Thanks to Steve Olenski for tuning me into a recent white paper released by Bazaarvoice called “Chief customer advocate: How social data elevates CMOs”.

The paper focuses on how the mountain of data emanating from social networks empowers the CMO to become more strategic within the “consumer-obsessed C-suite.” Specifically, it highlights the value of social data as real-time insight into the voice of the customer by revealing “first person words and sentiments” about a brand.

It then presents data from a survey of 100 CMO’s from both B2C and B2B companies on how they are using social data for decision making on marketing programs.

Brand Management Leads

Source: tedweismann.com via Ted on Pinterest

 

It’s not surpristing that social data is used more for brand management than other functions by such a wide margin. Specifically, 82.3% of CMO’s believe that social efforts have a measurable impact on brand awareness.

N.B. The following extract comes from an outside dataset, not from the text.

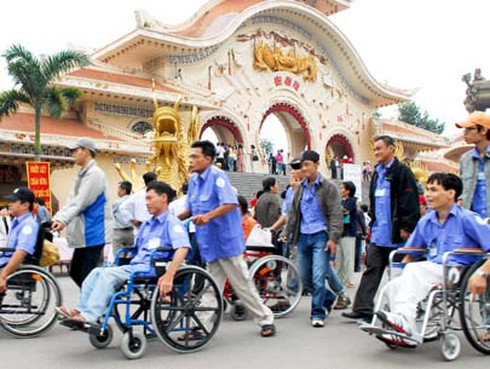 TP.HCM: Hơn 6.000 người “sánh bước” cùng người khuyết tật - ảnh 1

Don’t Lose the Social Data Connection to Storytelling

So much of brand awareness relies on storytelling and crafting the right messages that in particular allow media and bloggers to understand exactly what the companies and products they are pitched and briefed on do and why their readers would find them interesting.

Media and bloggers are thinking first and foremost about what their readers will find valuable, particularly as it relates to the issues and problems that they face. Good journalists have solid insight into this, increasingly through direct social interaction and real-time feedback on their stories and posts. The source of this insight — through social channels — is the same for marketers, and this is precisely where the intersection of social data and storytelling exists.

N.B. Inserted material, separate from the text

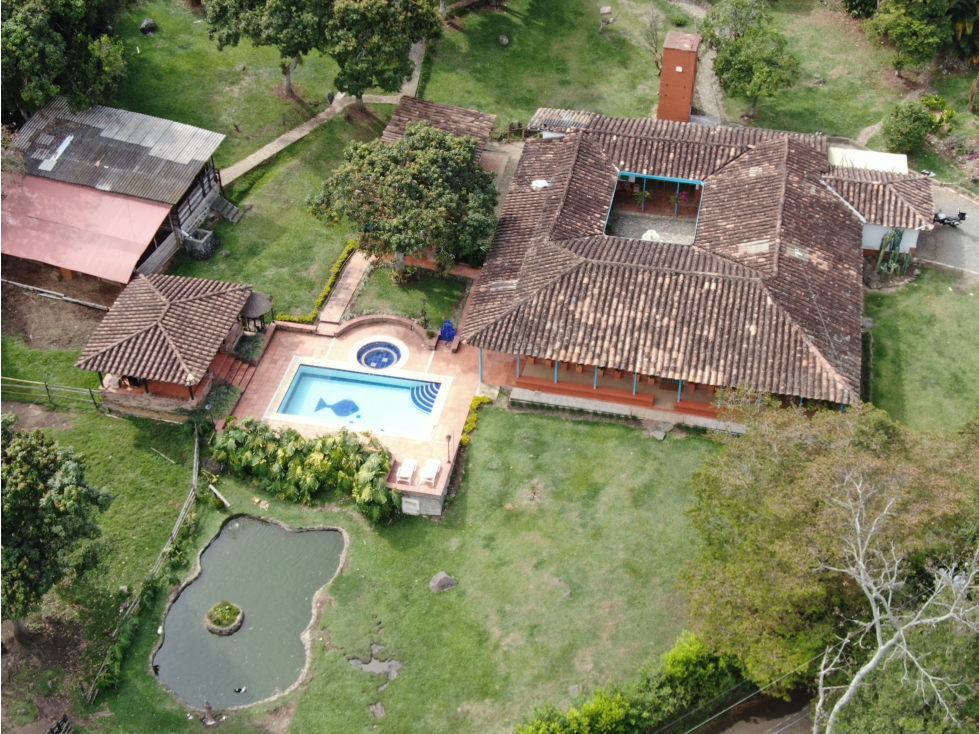 CASA FINCA COLONIAL EN COPACABANA MUY BIEN UBICADA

Unfortunately, this is where a disconnect still exists and it’s our job as good strategic communicators to also use this social data to ensure the messages are crafted correctly and the story is told in the right way.

It is still all too common for messages to be too vague and hyperbolic. A post yesterday on Techcrunch reminded me of this, where a stealth company pre-briefed Ryan Lawler on funding, and when he pressed about what its product does, here was the response:

Undeterred, I pressed on. What does this product actually do? “Our premise is is to allow anyone to watch anything, anytime, anywhere,”

Naturally, Lawler was frustrated, which was probably the reason for the snarky post. The company spokesperson would have been better served in framing the answer by paraphrasing what an early anonymous tester of the product has told the company about its unique value. It could have been articulated in a way that wouldn’t give away too much information about the product but still more valuable to Lawler.

So, during your next messaging exercise, ask yourself the question: how much of this story truly reflects the voice of the customer as we hear from our listening to conversation on social networks? This is data that will help ground the exercise in reality.

Are you using social data in this way?